> **WHAT TO DO**: Please restate, exactly as they appear, only the lines from the one that contains "DreamBid. Zdjęcie 10." to the final line of the entries, with no pictures.

Brief descriptive captions:

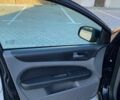 Черный Форд Фокус, объемом двигателя 1.6 л и пробегом 255 тыс. км за 5400 $, фото 17 на Automoto.ua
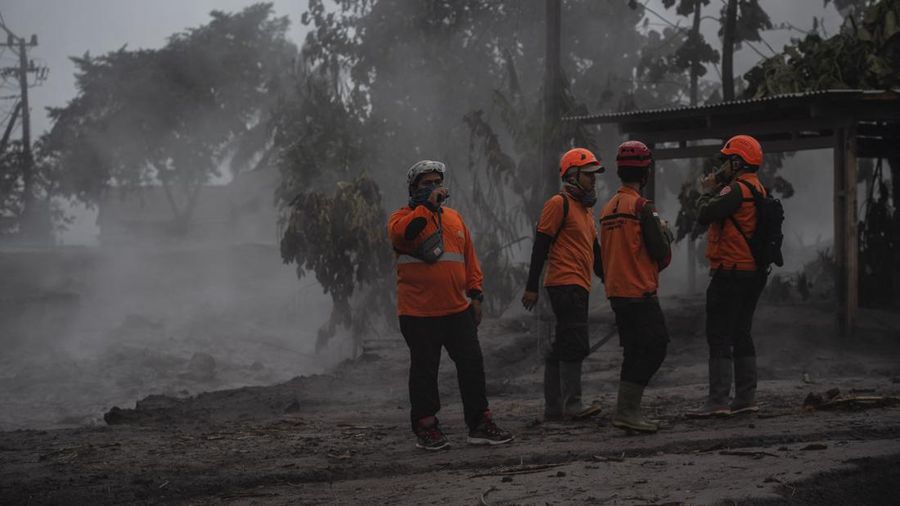 Anggota tim SAR memeriksa situasi di Desa Kajar Kuning, Lumajang pada 5 Desember 2022. (JUNI KRISWANTO/AFP via Getty Images)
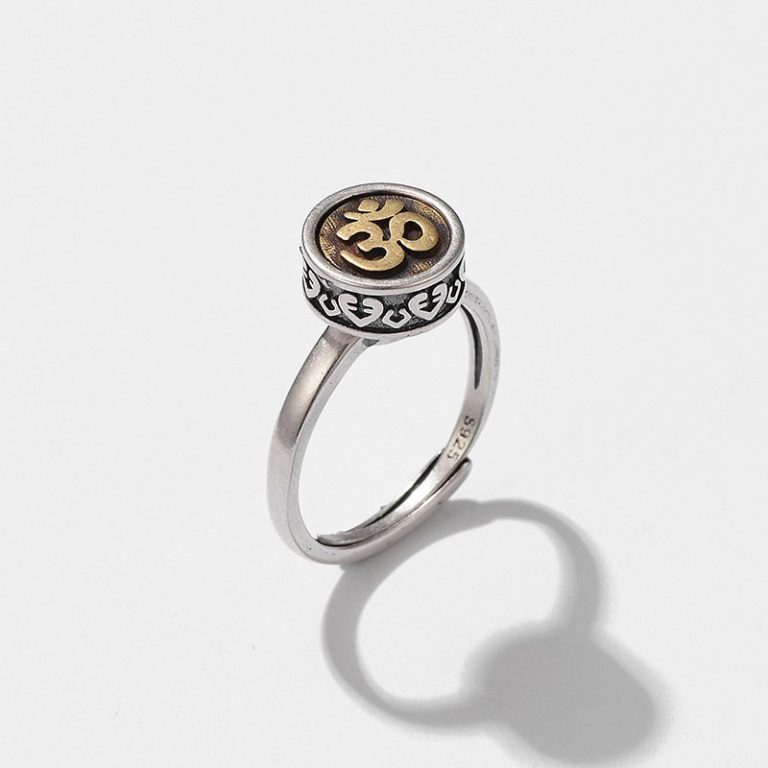 Bague-chevaliere-Om-en-argent-925-ornee-dun-symbole-dore-en-relief-picture-2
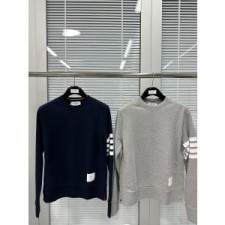 (TURBO공장) 톰브라운 클래식 코튼 풀오버 라운드넥 스웨트셔츠(2color)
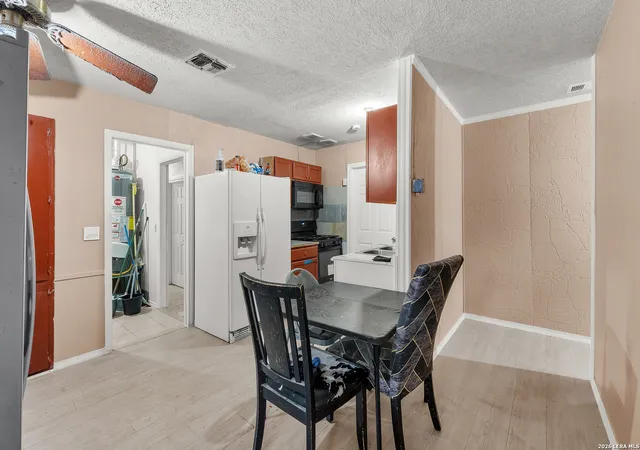 Photo 3 of Single family home for sale at 9718 Caney Creek Dr, San Antonio, TX 78245 | MLS# 1991773 | Listing updated on 2026-09-18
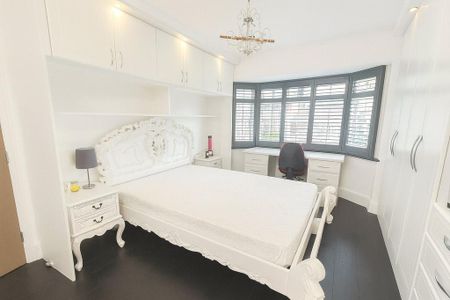 4 bedroom semi-detached house to rent - Photo 3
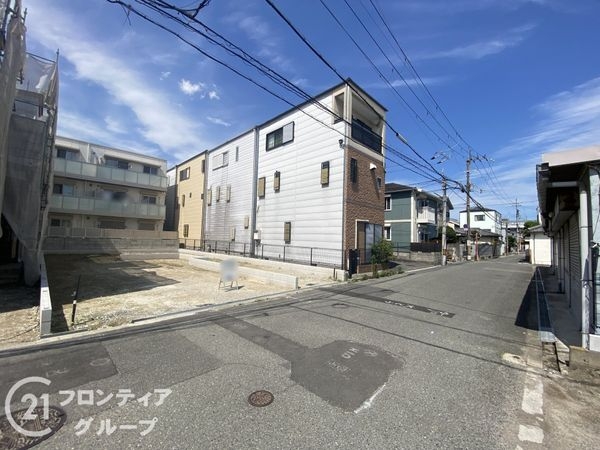 大阪市平野区瓜破西３丁目　新築一戸建て　１期　2号棟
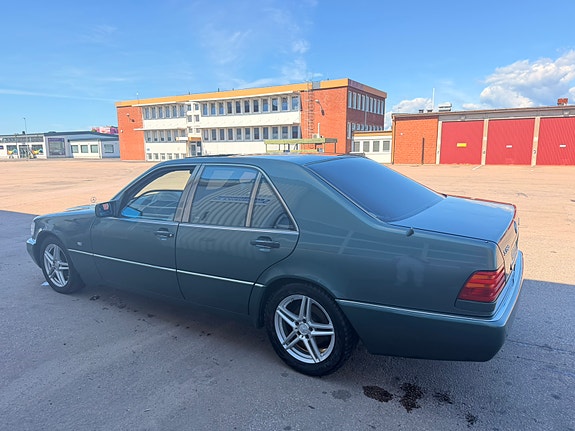 Mercedes-Benz S350 3 of 7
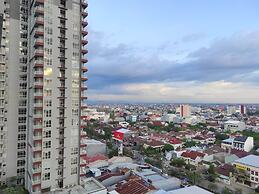 Nice And Cozy Studio At Vida View Makassar Apartment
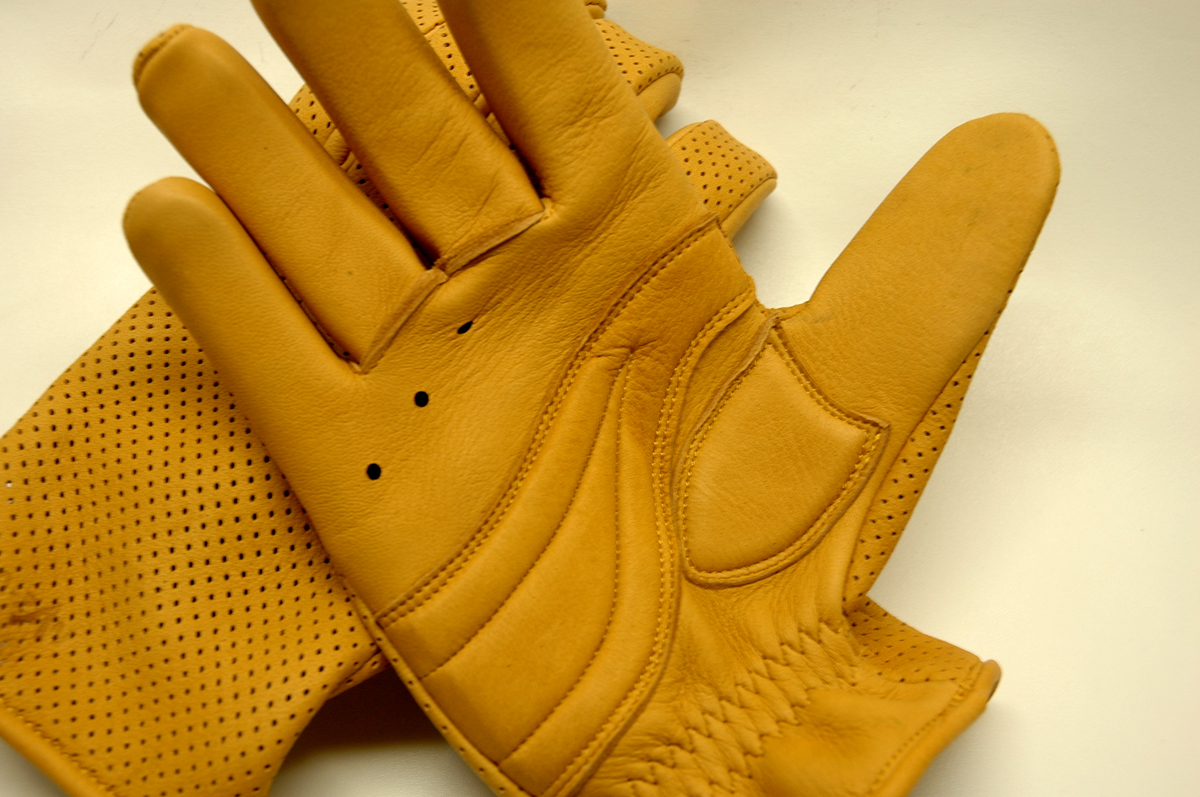 オーダーメイド バイクグローブ その１７ Cacazan 出石尚仁 手袋職人ブログ オーダーメイド革手袋 Cacazan
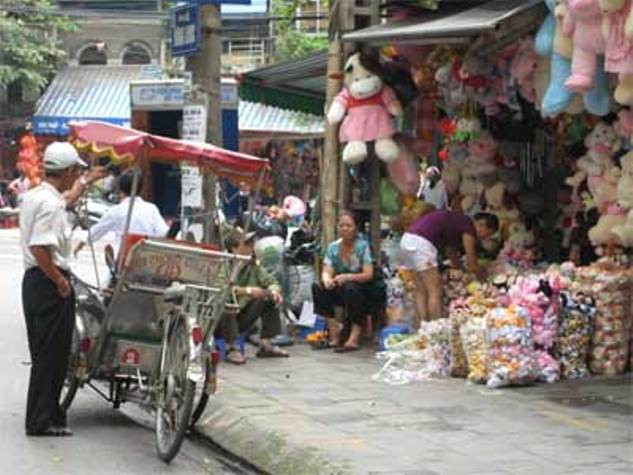 Ngày 21/12/2010, hai đối tượng đi xe máy Wave không biển kiểm soát đến đầu phố Lê Đại Hành - Hoa Lư, cướp giật 1 túi xách trong có 100 triệu đồng và 2 điện thoại di động của chị Phạm Hồng Vân (SN 1984, ở quận Hoàn Kiếm) Ngày 21/12/2010, hai đối tượng đi xe máy Wave không biển kiểm soát đến đầu phố Lê Đại Hành - Hoa Lư, cướp giật 1 túi xách trong có 100 triệu đồng và 2 điện thoại di động của chị Phạm Hồng Vân (SN 1984, ở quận Hoàn Kiếm)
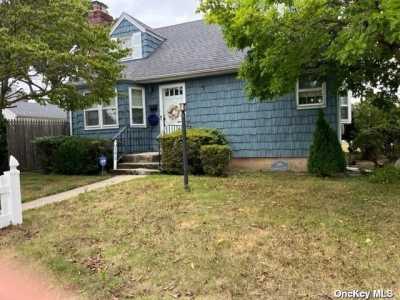 Home For Sale in Garden City, New York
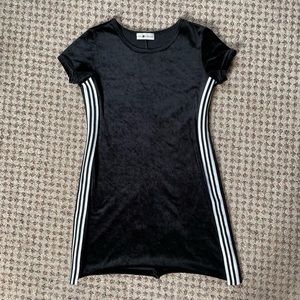 vintage 90s/y2k velvet short sleeve mini dress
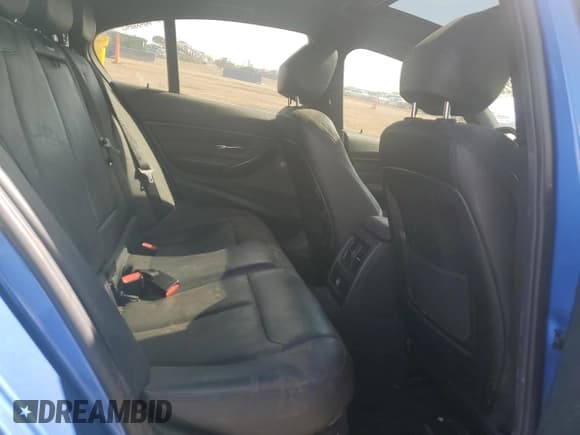 ✅ 2015 BMW 3 Series 335i • VIN: WBA3A9G5XFNS66845 • Lot: 57182255. Wystawiony na Copart z przebiegiem 101 247 mil. Bezpłatny archiwum sprzedaży aukcyjnych z USA i szczegółowy raport historii pojazdu na DreamBid. Zdjęcie 10.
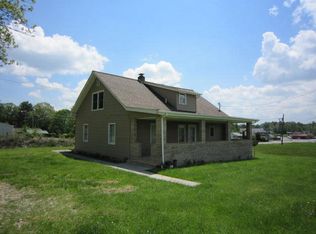 6913 Hinton Rd, Lerona, WV 25971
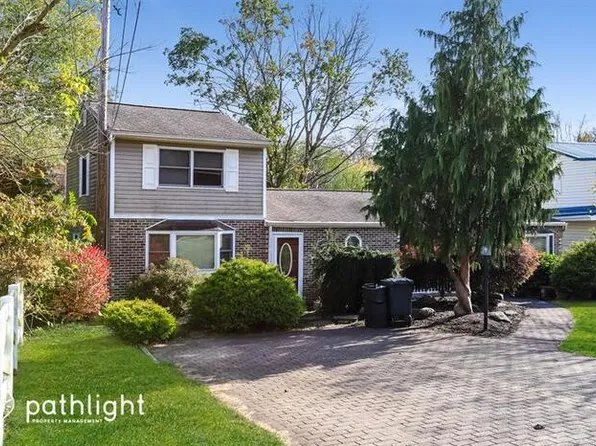 770 Lakeside Dr, Canonsburg, PA 15317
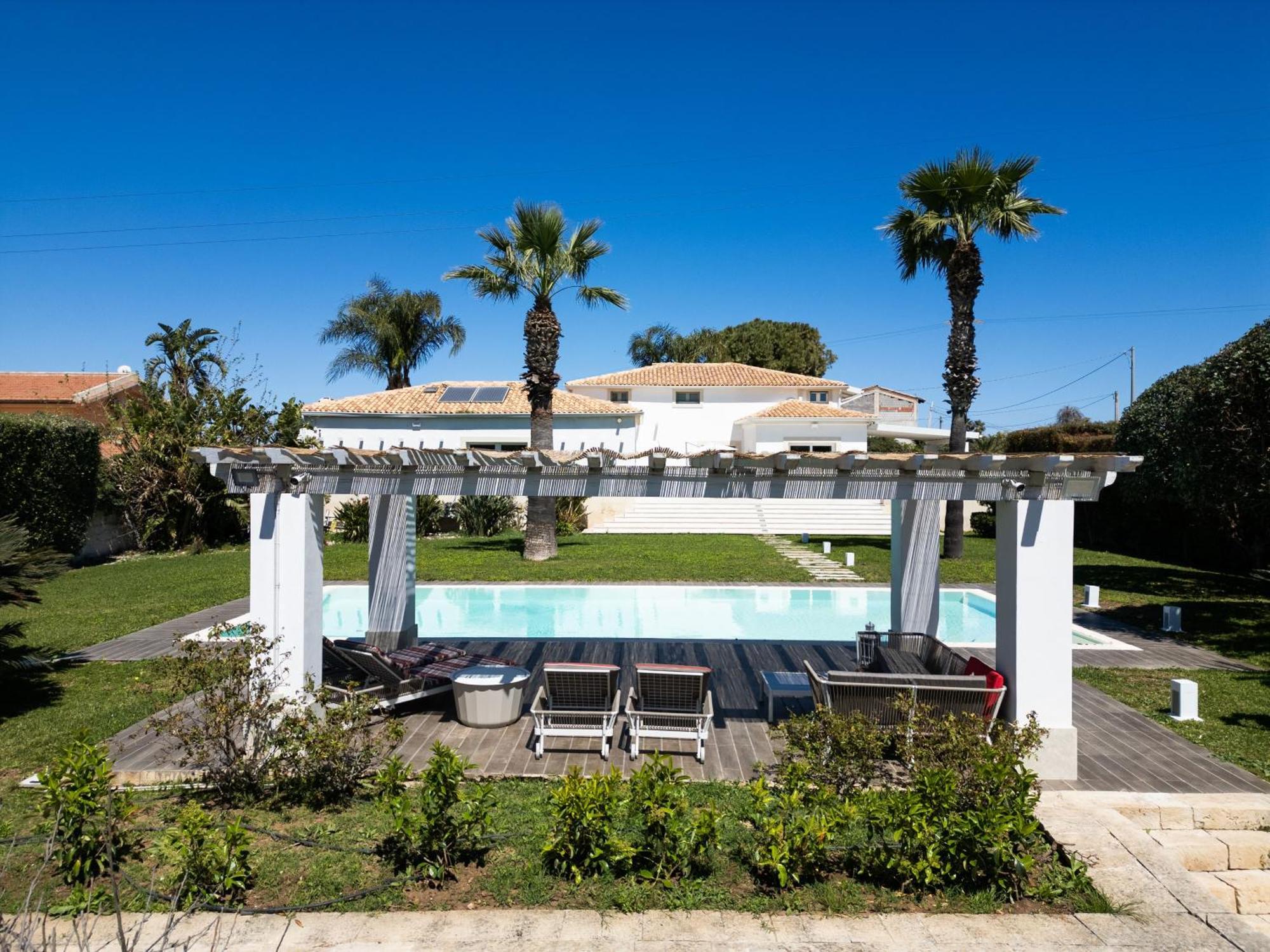 Villa Elena By Ortigia Apartments 法努撒 外观 照片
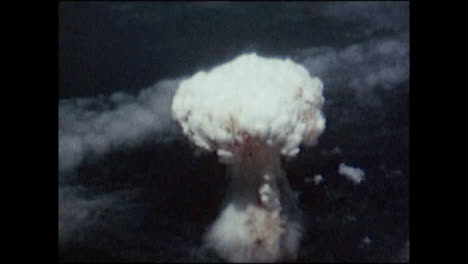 1945-Atombombenexplosion-In-Nagasaki-04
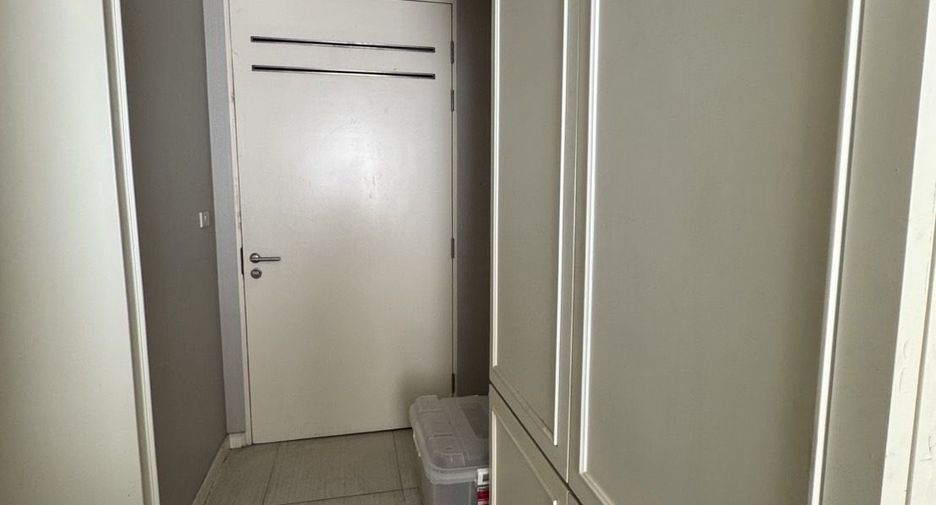 À vendre 2 chambres condo à Yan Nawa, Bangkok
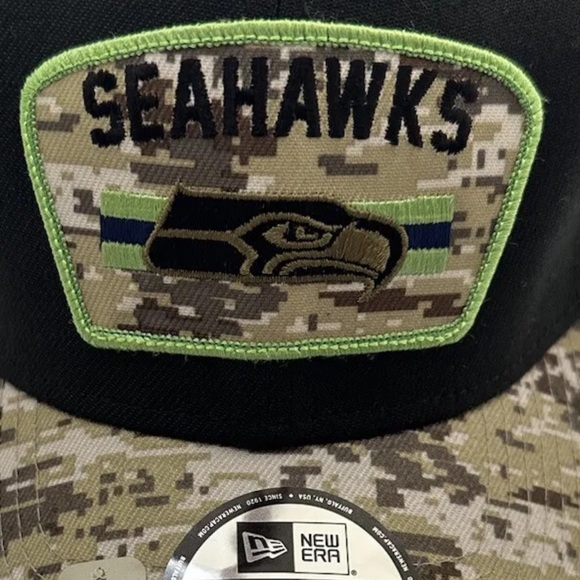 *NWT* New Era Seattle Seahawks NFL Salute To Service 39Thirty Stretch Hat - Picture 2 of 5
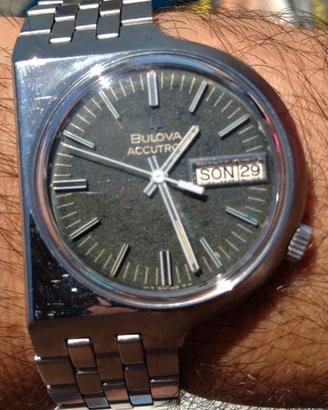 Bulova Accutron Asymmetric Asimmetrico , Anni 70.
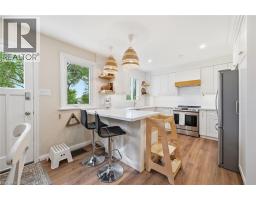 2273 KING Street E - 7
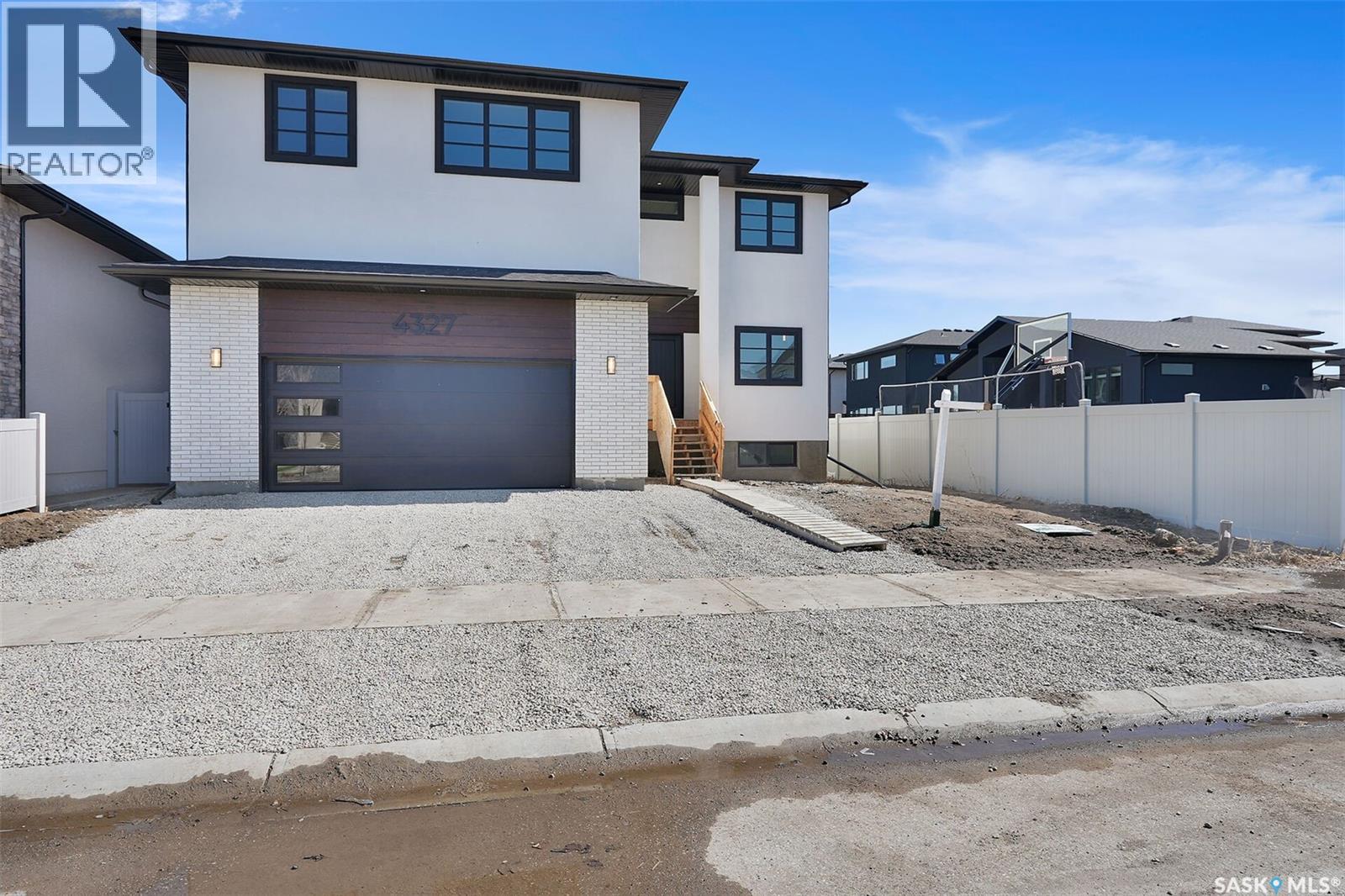 4327 Wild Rose Drive, Regina, Saskatchewan  S4V 3V6 - Photo 36 - SK031956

> **PROBLEM SOLUTION**:
 ✅ 2015 BMW 3 Series 335i • VIN: WBA3A9G5XFNS66845 • Lot: 57182255. Wystawiony na Copart z przebiegiem 101 247 mil. Bezpłatny archiwum sprzedaży aukcyjnych z USA i szczegółowy raport historii pojazdu na DreamBid. Zdjęcie 10.
 6913 Hinton Rd, Lerona, WV 25971
 770 Lakeside Dr, Canonsburg, PA 15317
 Villa Elena By Ortigia Apartments 法努撒 外观 照片
 1945-Atombombenexplosion-In-Nagasaki-04
 À vendre 2 chambres condo à Yan Nawa, Bangkok
 *NWT* New Era Seattle Seahawks NFL Salute To Service 39Thirty Stretch Hat - Picture 2 of 5
 Bulova Accutron Asymmetric Asimmetrico , Anni 70.
 2273 KING Street E - 7
 4327 Wild Rose Drive, Regina, Saskatchewan  S4V 3V6 - Photo 36 - SK031956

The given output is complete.